Project ID: 2009ID138B
Title: Modeling Energy Implications of Water Management Decisions in the Upper Snake River Basin
Project Type: Research
Start Date: 3/01/2009
End Date: 2/28/2010
Congressional District: 1
Focus Categories: Management and Planning, Models, Hydrology
Keywords: Hydropower, River-Reservoir Model, Systems Dynamics, Snake River Basin, Surface and Ground Water Interaction
Principal Investigator: Johnson, Gary Steven (University of Idaho)
Federal Funds: $ 18,540
Non-Federal Matching Funds: $ 37,080
Abstract: Hydropower generation in the Pacific Northwest and use of the generated power is significantly impacted by competing water uses and associated water management planning in the upper Snake River basin. Up to 80% of the electrical power generation in the Pacific Northwest is produced by hydropower facilities, largely on the Snake and Columbia rivers. Power generation is impacted by the timing and magnitude of flows in the rivers which are in turn impacted by snowmelt runoff, reservoir management, irrigation diversions, and ground water returns to the rivers. Changes in water use and management, whether by design (e.g. management plans and reservoir operation rules) or incidental (e.g. caused by variation in crop prices), may alter flows through the river system and consequently the potential for electrical power generation. The Comprehensive Aquifer Management Plan (CAMP) for the eastern Snake River Plain targets adjusting water budgets by about 600,000 acre-feet/yr. Although flow of the Snake River will not be impacted to the same degree, even a change of 100,000 acre-feet/yr in river flow has the potential to produce a combined power generation and consumption effect of about 150 million kilowatt hours per year. To some degree, water managers are aware of the interconnection between water management and hydropower potential, but presently lack adequate tools to quantify the effects and express the impacts to the public.

River hydrographs are a result of the interaction of physical conditions controlling water supply and demand (i.e. runoff, evapotranspiration, aquifer conditions) with complex decisions distributing and allocating water for irrigation, flood control, recreation, and ecosystem services. In the Snake River system, the interactions of some of these relationships are simulated in the Fortran based Planning Model used by the Idaho Department of Water Resources and Idaho Power Company. The Planning Model, however, has limited ability to dynamically represent surface and ground water interaction and the logic is not easily understood by water interests and the public.

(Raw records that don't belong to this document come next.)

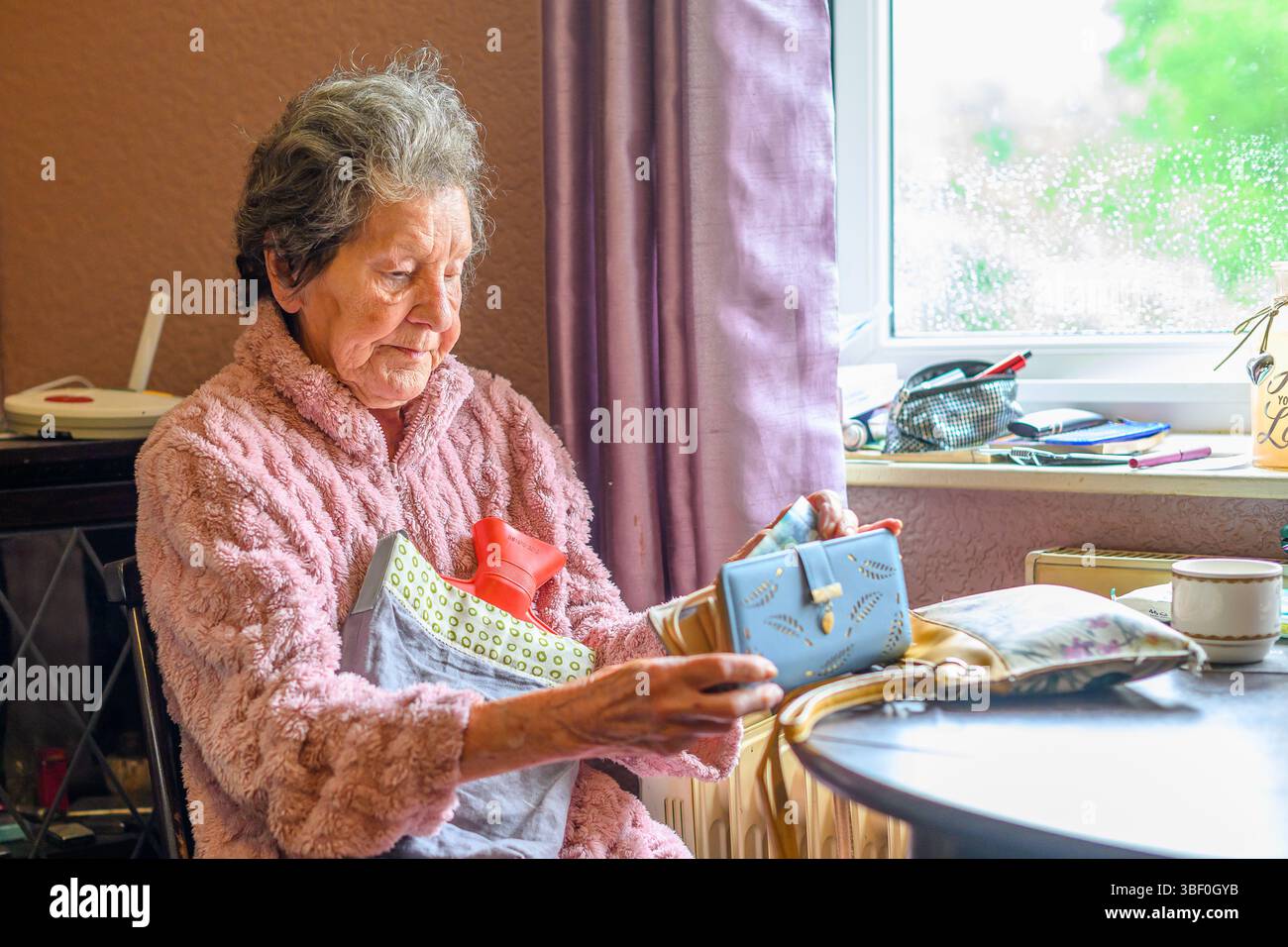 Kraftstoffzulage im Winter Stockfoto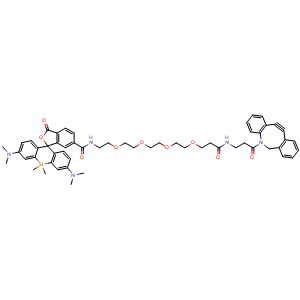 Chemical structure of SiR-PEG4-DBCO , AChemBlock AD287654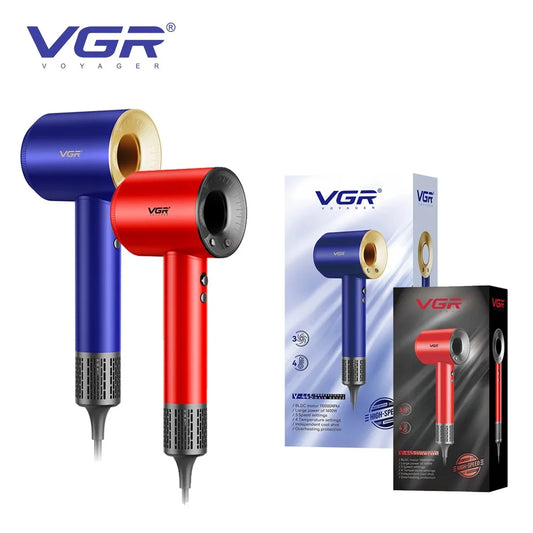 VGR Leafless Hair Dryer Professional Negative Ion Dryer Brushless Motor 11000RPM Electric Hair Dryer Barber Salon Tools V-445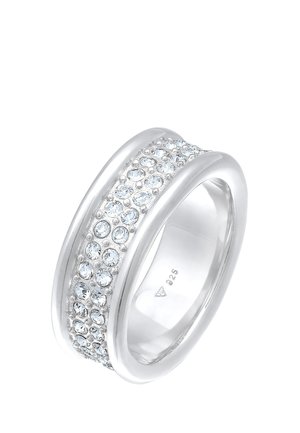 BOLD ELEGANCE - MIT KRISTALLEN VON SWAROVSKI® - Ring - silberfarben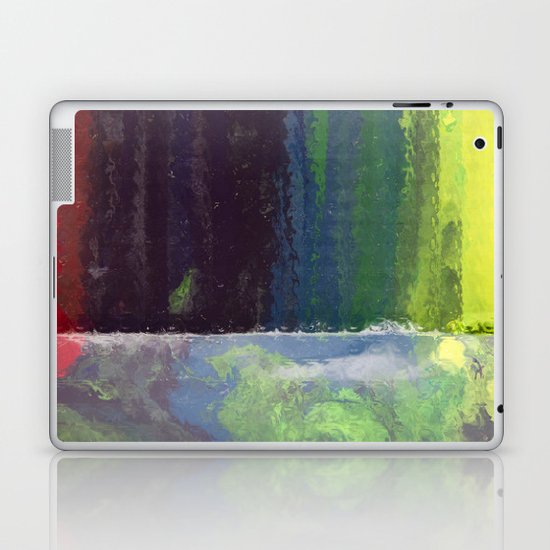 CRAYON LOVE: Rainbow Falls Laptop & iPad Skin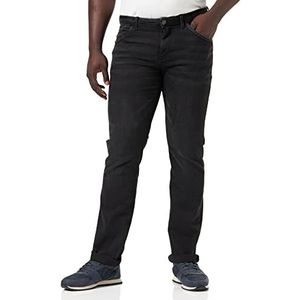 TOM TAILOR Uomini Marvin Straight Jeans 1034643, 10258 - Overdyed Black Denim, 29W / 30L
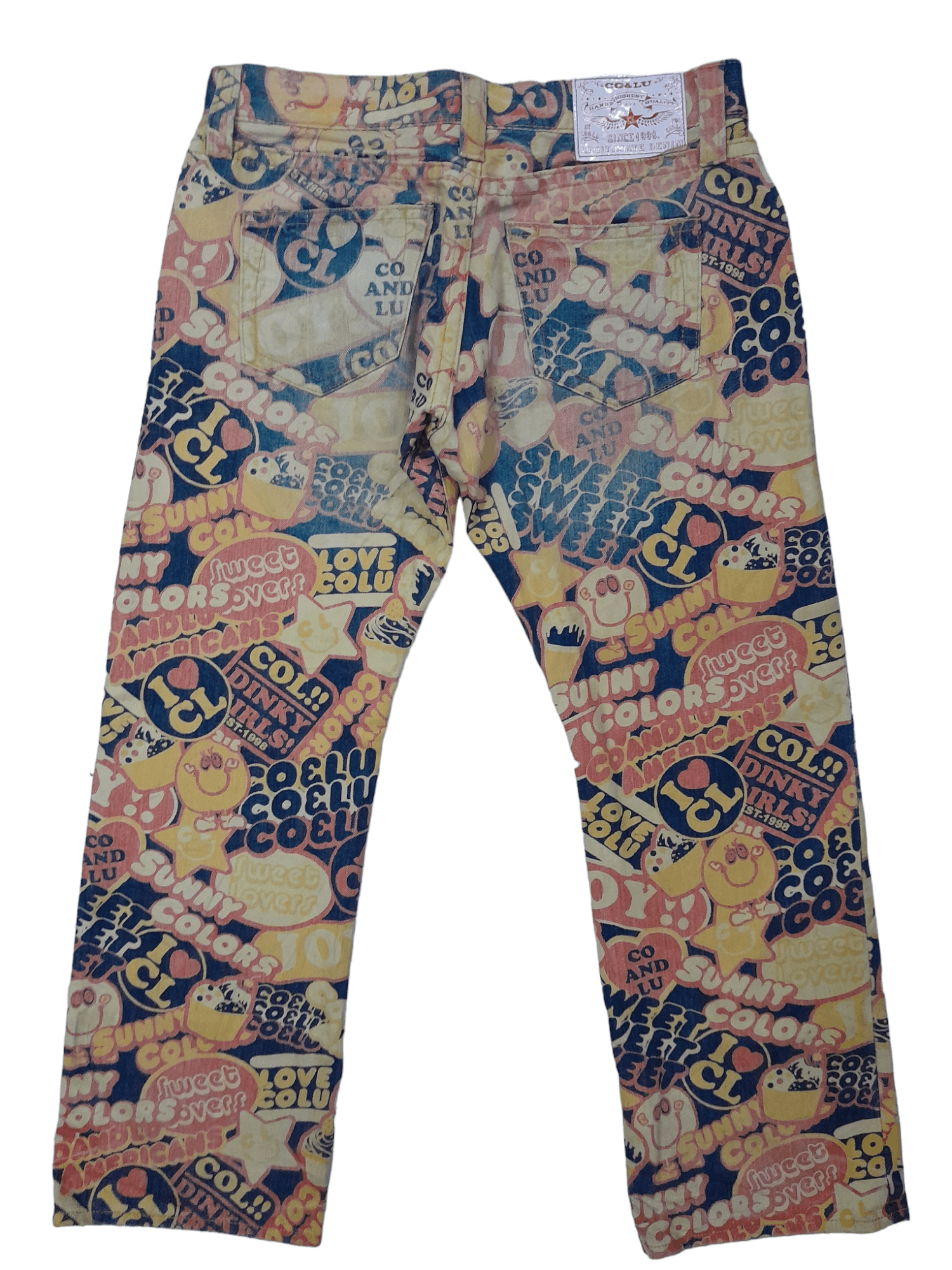 Japanese Brand Co & Lu Fullprint Denim like Hysteric Style (E630) Size US 33 - 1 Thumbnail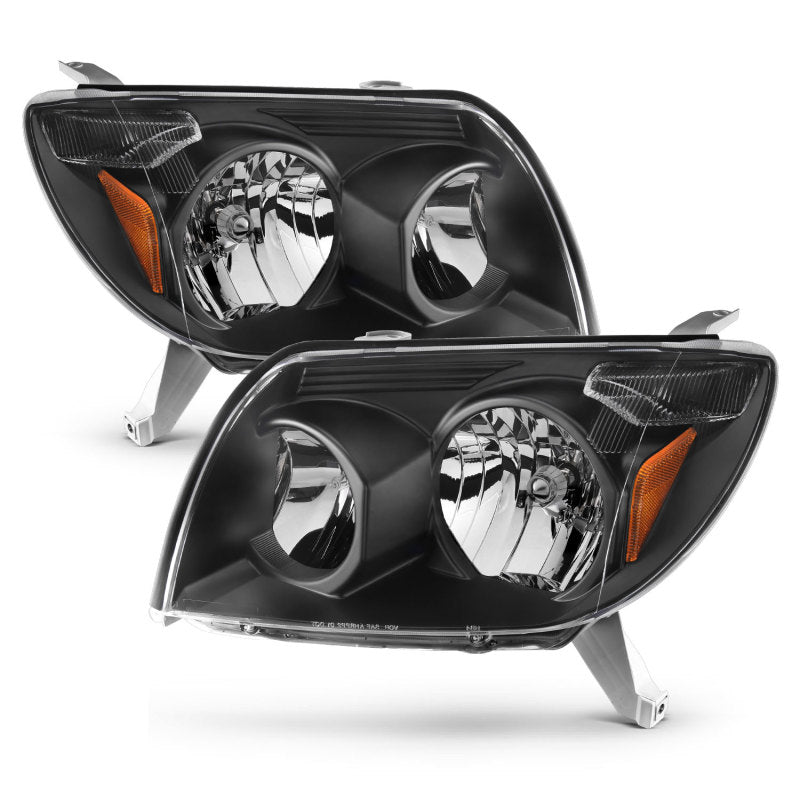 ANZO 2003-2005 Toyota 4Runner Faros delanteros de cristal, color negro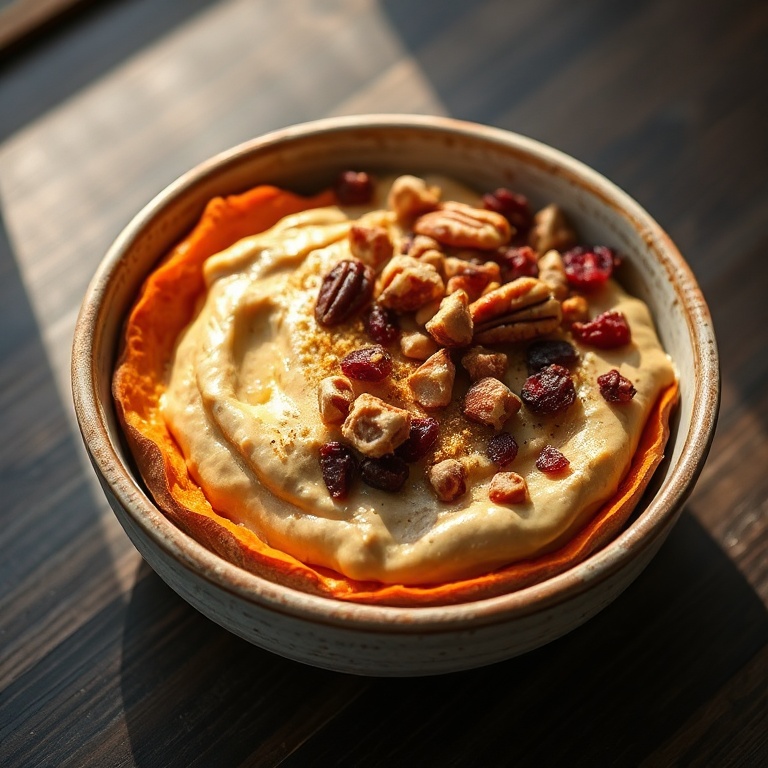 easy sweet potato breakfast bowl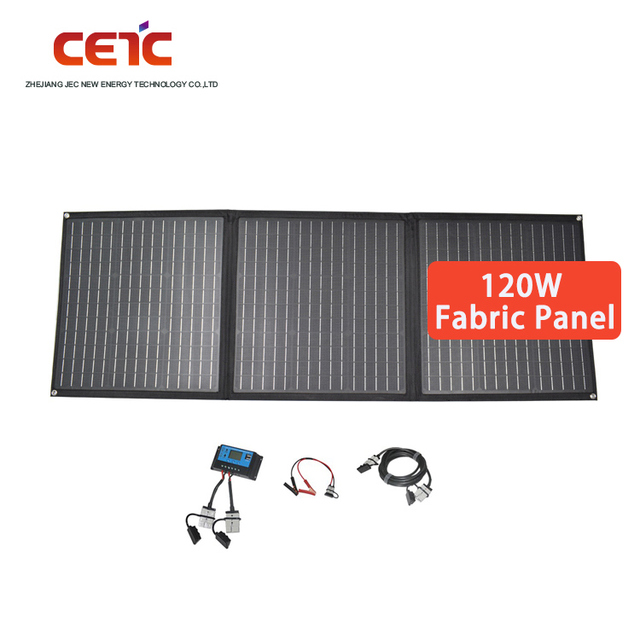 CETCSolar Portable 100W & 200W Foldable Flexible Solar Panels for Camping with 1-Year Warranty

The goal of the proposed project is to evaluate the potential for systems dynamics modeling to: a) provide computational capabilities to reliably represent the dynamics of water flow and distribution in the Snake River above King Hill and the potential impacts of flow variations on hydropower generation and b) provide a visual representation and interface that communicates an understanding of simulated processes and results to a diverse audience. The STELLA systems dynamics software will be used to construct a prototype model. The water distribution portion of the model will be based on the existing IDWR Planning Model. Additional features and modification of the existing algorithm, determined in consultation with IDWR, will be added to the model to represent important aspects such as a dynamic representation of surface and ground water interaction. Hydropower generation estimation throughout the Columbia River System will be included in the additional features. The model will be verified by comparison of simulated flows and reservoir storage levels with measured monthly flows and storage for a historic period of at least 10 years.

The proposed model will provide a transparent and flexible tool to guide water management decisions as well as increase awareness and provide quantitative estimates of water management impacts on hydropower generation. The process and product of this research will also act as a catalyst for hydrologic and economic modeling activities of the recently funded National Science Foundation grant to Idaho universities addressing climate change.